In vielen islamischen Staaten rufen die Menschen wegen der Äußerungen des französischen Präsidenten Macron zum Boykott von französischen Waren auf. Foto: AFP/ASIF HASSAN

Europa muss mit kühlem Kopf auf die Hasstiraden des türkischen Präsidenten gegenüber Emmanuel Macron reagieren, meint unser Frankreich-Korrespondent Knut Krohn

Paris - Emmanuel Macron und Recep Tayyip Erdogan pflegen seit Jahren eine herzliche Feindschaft. Der außenpolitische überaus ambitionierte französische Präsident hat mit seiner Kritik an seinem türkischen Kollegen nie hinter dem Berg gehalten. So hat Macron im Konflikt um die Gasvorkommen im östlichen Mittelmeerraum immer wieder scharfe Warnungen an Erdogan gerichtet. Und zuletzt hat er ihm die massive Einmischung im Konflikt zwischen Aserbaidschan und Armenien um die Südkaukasus-Region Berg-Karabach zum Vorwurf gemacht.

Erdogan sinnt auf Rache

Es war nur eine Frage der Zeit, bis Erdogan dem französischen Staatschef öffentlich in die Parade fahren würde. Angesichts der Äußerung Macrons nach dem Mord in Paris an einem Lehrer, dass sich der Islam in einer Krise befinde, schien dem türkischen Präsident die Gelegenheit zur Rache gekommen.

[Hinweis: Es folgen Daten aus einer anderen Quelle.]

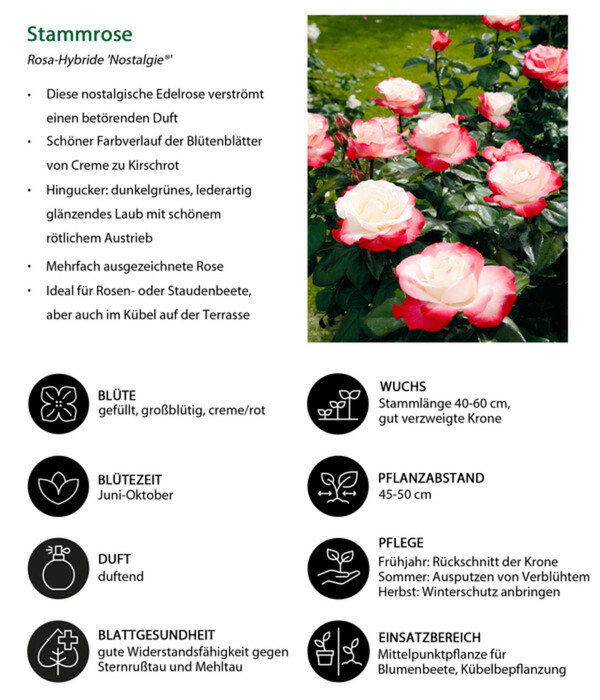 Bild 3 von Edelrose 'Nostalgie®', Stämmchen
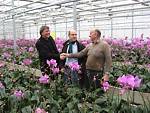 Orchideen Beeren in Nettetal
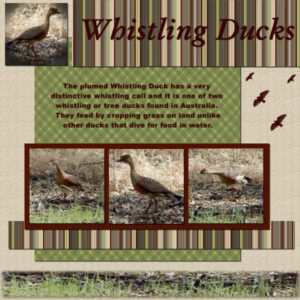 whistling-ducks-600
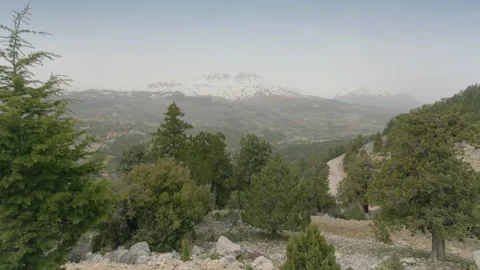 Mountain View with Evergreen Trees Stock Footage 282936141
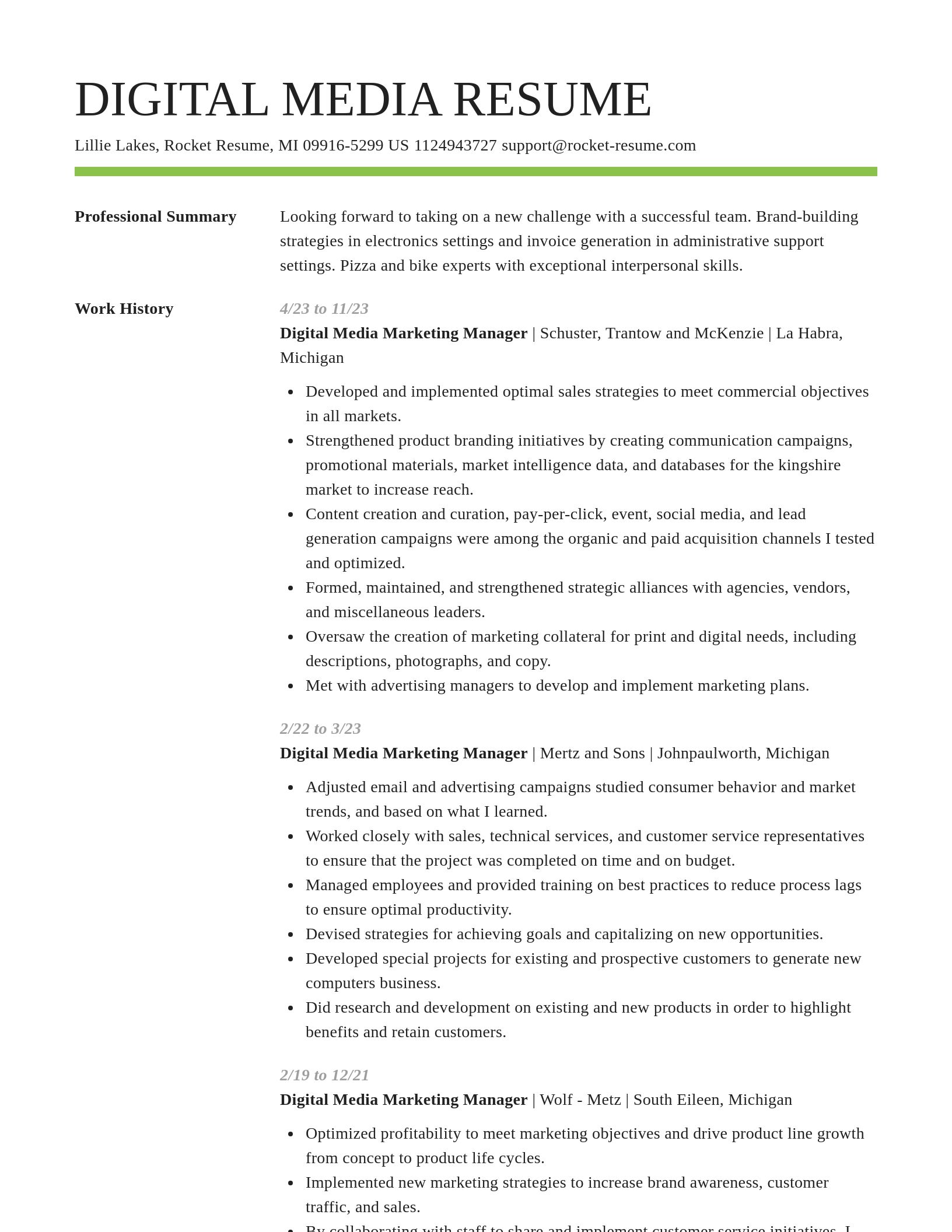 Smart resume template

Doch offenbaren die wütenden Angriffe auf den französischen Präsidenten vor allem die Schwäche Erdogans. Denn seine hässlichen Tiraden sind nichts weiter als Ablenkungsmanöver: vom Versagen im Kampf gegen das Corona-Virus im eigenen Land, dem Absturz der türkischen Wirtschaft und auch dem außenpolitischen Schiffbruch. Lange hat Recep Tayyip Erdogan versucht, sich zum Führer der muslimischen Welt aufzuschwingen und ist dabei kläglich gescheitert. Nun will er der islamischen Welt wenigstens zeigen, dass er der einzig wahre Verteidiger der Ehre des Propheten ist.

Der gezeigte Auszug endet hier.